L'empreinte carbone, également connue sous le nom de bilan carbone ou bilan de gaz à effet de serre, indique combien d'émissions de dioxyde de carbone sont causées directement et indirectement par une activité, ou sont produites au cours des étapes de la vie d'un produit. On peut constater et analyser l'importance de l'empreinte carbone des individus, des organisations, des pays ou des aliments, par exemple. En plus du dioxyde de carbone (CO2), d'autres gaz à effet de serre tels que le méthane ou le monoxyde d'azote participent à l'empreinte carbone en étant convertis en équivalents CO2 (CO2-eq) [1].

Le CO2 pénètre principalement dans l'atmosphère terrestre par la combustion de combustibles fossiles tels que le charbon, le pétrole et le gaz naturel, contribuant ainsi au réchauffement de la planète. Cela se traduit par des changements climatiques non désirés et par des conséquences telles que l'élévation du niveau de la mer, la désertification ou des inondations[2].

Au lieu de parler de l'empreinte CO2, nous parlons aussi de l'empreinte carbone des aliments

Quel est le bilan carbone d'un français et combien de CO2 émet-il chaque année ?

Le gouvernement, l’ADEME et le Ministère de la Transition Écologique estiment que le bilan carbone moyen d’un français est d’environ 12 tonnes d’équivalents CO2 par an.[3]. Pour rappel, on ne devrait pas dépasser 1.2 à 2 tonnes de CO2 par an et par habitant pour être neutres en carbone, c'est à dire atteindre un équilibre entre les émissions de carbone et l'absorption du carbone de l'atmosphère par les puits de carbone.

D’où viennent les émissions de l’empreinte carbone d’un Français ?

D’après les données du Ministère de la Transition Écologique[5], les trois principaux postes d’émissions de CO2 d’un français sont tout d'abord le logement et le transport (pratiquement à égalité avec un peu moins de 30% des émissions) suivis directement par l’alimentation (environ 16%).

Quelques chiffres pour un français moyen :[6]

  • La voiture émet 2 tonnes de CO2 par an
  • L'énergie des logements émettent 1,7 tonnes de CO2 par an 
  • L'achat et les usages de nouvelles technologies émettent 1,2 tonnes de CO2 par an 
  • L'alimentation (principalement la viande et le poisson) émet 1,15 tonnes de CO2 par an

Tous les aliments que nous consommons ont une empreinte carbone. Selon l'INSEE (l'Institut national de la statistique et des études économiques), la définition de l'empreinte carbone est la suivante :[7]

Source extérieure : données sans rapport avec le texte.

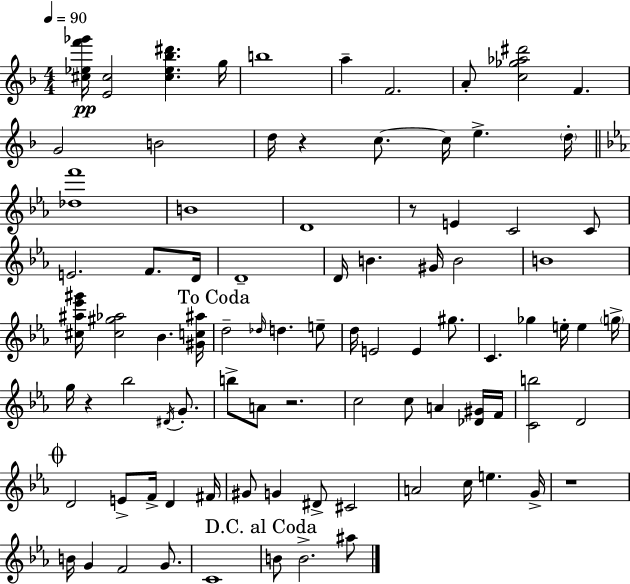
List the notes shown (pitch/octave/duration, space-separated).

[C#5,Eb5,F6,Gb6]/s [E4,C#5]/h [C#5,Eb5,Bb5,D#6]/q. G5/s B5/w A5/q F4/h. A4/e [C5,Gb5,Ab5,D#6]/h F4/q. G4/h B4/h D5/s R/q C5/e. C5/s E5/q. D5/s [Db5,F6]/w B4/w D4/w R/e E4/q C4/h C4/e E4/h. F4/e. D4/s D4/w D4/s B4/q. G#4/s B4/h B4/w [C#5,A#5,Eb6,G#6]/s [C#5,G#5,Ab5]/h Bb4/q. [G#4,C5,A#5]/s D5/h Db5/s D5/q. E5/e D5/s E4/h E4/q G#5/e. C4/q. Gb5/q E5/s E5/q G5/s G5/s R/q Bb5/h D#4/s G4/e. B5/e A4/e R/h. C5/h C5/e A4/q [Db4,G#4]/s F4/s [C4,B5]/h D4/h D4/h E4/e F4/s D4/q F#4/s G#4/e G4/q D#4/e C#4/h A4/h C5/s E5/q. G4/s R/w B4/s G4/q F4/h G4/e. C4/w B4/e B4/h. A#5/e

L'empreinte carbone représente la quantité de gaz à effet de serre (GES) induite par la demande finale intérieure d'un pays (consommation des ménages, administrations publiques, organismes à but non lucratifs, investissement), que ces biens ou services soient produits sur le territoire national ou importés.

L'empreinte carbone est donc constituée [8] :

  • des émissions directes de GES des ménages (principalement liées à la combustion des carburants des véhicules particuliers et la combustion d'énergies fossiles pour le chauffage des logements) ;
  • des émissions de GES issues de la production intérieure de biens et de services destinée à la demande intérieure (c'est-à-dire hors exportations) ;
  • des émissions de GES associées aux biens et services importés, pour les consommations intermédiaires des entreprises ou pour usage final des ménages.

Les denrées alimentaires provoquent des émissions de CO2 considérables par leur production, leur distribution et leur destruction.

L'empreinte carbone d'une denrée alimentaire est donc la somme de toutes les émissions de CO2 associées à cette denrée. L'émission de CO2 est considérablement augmentée par l'agriculture intensive, les longs trajets de transport, le stockage prolongé (avec réfrigération ou chauffage) et la transformation du produit par des machines.

Une forte empreinte carbone (des aliments) contribue au changement climatique

Nous sommes tous confrontés au défi de réduire massivement notre empreinte carbone. Les hommes politiques se sont mis d'accord sur l'objectif dit des "2 degrés" selon lequel, la température mondiale moyenne ne doit pas augmenter de plus de deux degrés par rapport à la période précédant l'industrialisation [10]. Pour y parvenir, les émissions de CO2 des pays industrialisés doivent être réduites de 80 à 95% d'ici 2050 (par rapport aux niveaux de 1990). Entre 2017 et 2018, les émissions polluantes en France ont diminué seulement de 4,2% [11].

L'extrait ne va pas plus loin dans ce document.